I caught several elbows on camera last night. Elbows, parts of heads, legs, torsos - I have never seen the Kala Ghoda festival so crowded on a weekday evening. There is no place to move, no place to sit, stand, point a camera at without the elbows and sometimes entire backs coming between the camera and the object. I exchange silent notes with other people with cameras when this happens. You know, eyes rolling, superior smiles, those kind of notes. In front of this inverted cone of plastic stuff, this man has been sitting crouched, his camera placed on the ground pointing up. He sits and sits and I wonder if he is waiting for a moment when the place is going to be empty. I finally ask him; turns out he is hoping to get a brilliant silhouette against the back-lit plastic hill and he shows me some of the earlier images from the crouched position. I don’t know his name but I know I will recognize those photographs if I come across them again - (note to self : go check out flickr right away).


So the crowds. There is nothing new in the food, the same overpriced Chetna snack stalls and the rest of it. The performances, I think I will reserve comment on them till I have picked up my snazzy t-shirt. So, the main draw? The installations. There are lots more than I have ever seen at Kala Ghoda. The mosquito men (is that what they are called? Why?) are my favorite - they are everywhere, balancing on a tight-rope walk, climbing what looks like a bee-hive, running away from a savage killer who has already struck several blunt clubs into his back.


Oh, that last one. Turns out, he is a smoker and those blunt clubs are air-filters of some sort and so on. I told you, hidden meanings. (Tip of the day : do not read those signboards that go with the installations, make up your own stories. It is much more fun that way).
People have discovered so many new causes this year…?, I wonder aloud. Letters to Pakistan, harassment of women, urban sanitation, democracy and all the rest of it. Nice, I support all of them. People just have more time now, they are all vela, tells my cynical friend. When in doubt, blame it on recession.
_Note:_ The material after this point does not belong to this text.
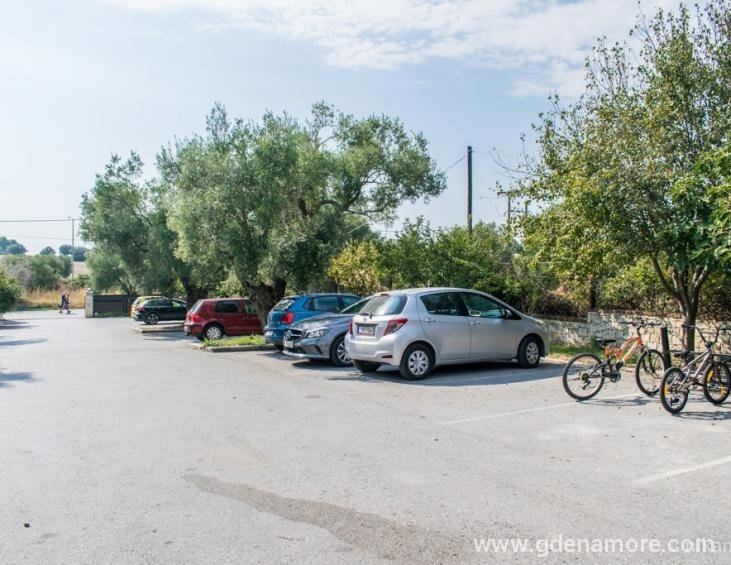 nastasia-apartments-outside-afytos-kassandra-chalk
I don’t know if he is talking about those behind the installation or those in front of them, watching them and wondering about the hidden deeper meanings. Whatever. There is a huge variety of street installations, some up in the air, some on the ground, all of them fascinating. People are looking obediently through whichever windows they have been asked to look through and signing their names and leaving their thoughts wherever they have been asked to.


There is a cynic in our midst, he (she?) has written on the democracy thingie on the pavement - it does not matter which donkey you vote for, the fact remains that everyone in power eventually becomes a donkey. Clearly, one voter we are not going to see at the poll booths this time. Someone else is thinking about Valentine’s Day (and pink Chaddis too, I like to imagine) and says, Vote for the right Candy-Date.
I like the tiny booth set up by the Fight-Back group too. It is perhaps because it is dark by the time I walk through the narrow lanes inside the booth but it does feel claustrophobic. I keep expecting someone to pop out and say Boo or some thing. For a minute inside the alley, I am truly alone.


In all this, I see I missed the magic balls and I fully intend to hunt for them when I go back tomorrow.